It was a busy day for sports fans today with Silverstone circuit, the 5th day of the Edgbaston test and Wimbledon but it’s time we get back to our beloved book. Hope you had a few results go in your favour! We will be discussing Chapter 9: Making Implicit Concepts Explicit.
This chapter struck a somewhat different chord. It brought to mind the silent times in projects when an element that was always present but out of reach is given a name, and the entire design becomes apparent. As stated by Evans:
“It finally snaps into focus. But it starts with recognizing the implied concepts in however crude a form.”
It feels very genuine that deep models are developed by listening, refactoring, getting corrected, and simply paying attention to what feels awkward rather than by making creative leaps. That tension is something I frequently experience, particularly when I’m modifying code to make room for something that doesn’t quite fit. I simply never gave it any thought: perhaps it’s not appropriate because the concept isn’t there.
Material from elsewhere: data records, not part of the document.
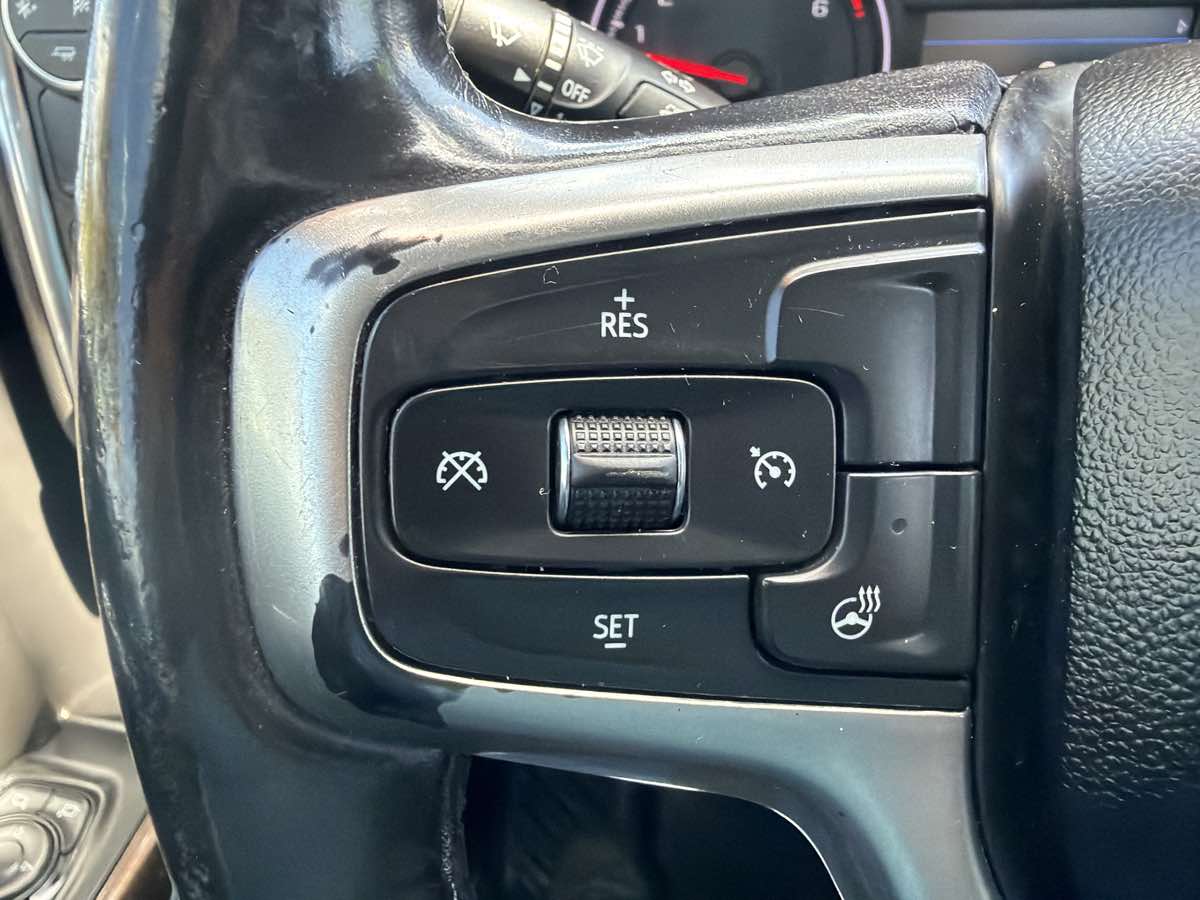 Chevrolet Silverado photo 14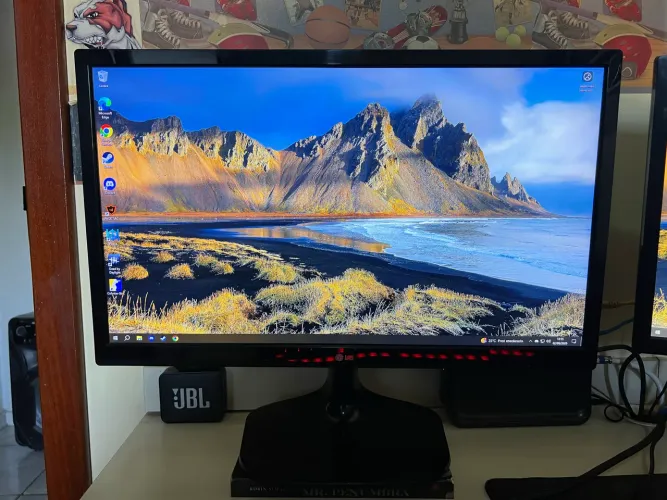 Monitor LG 23" Full HD IPS (Modelo 23MP55) - Excelente Estado!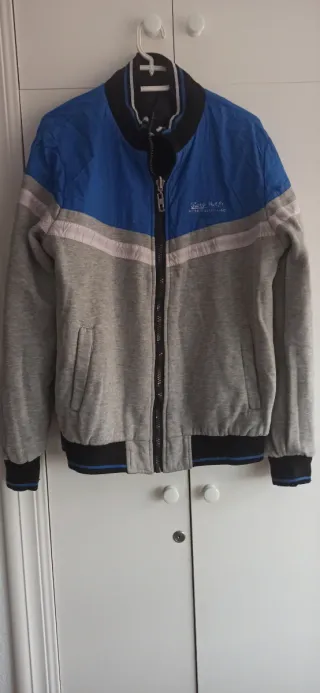 Chamarra Negra Talla Chico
One line that really stuck with me was:
“When the users or domain experts use vocabulary that is nowhere in the design, that is a warning sign.”
It brought to recall instances when I overlooked domain phrases because I thought they were “just business lingo,” not understanding that they were actually the key to a more organised model. This chapter calls for a certain level of humility: to truly listen to the domain rather than advancing code.
The examples, particularly the “Itinerary” narrative, also made me nod my head. I have witnessed the developer’s arc, which begins with “we already have this data” and concludes with a new object connecting two important systems. When someone casually mentions something, you realise that your code has no name for it, even though you thought the model was “done.”
Challenge for the Reader
- Think about a concept in your current project that users or stakeholders mention often but that has no representation in code. What would naming it unlock?
- Have you ever dismissed “business lingo” only to realize later it was a missing domain concept?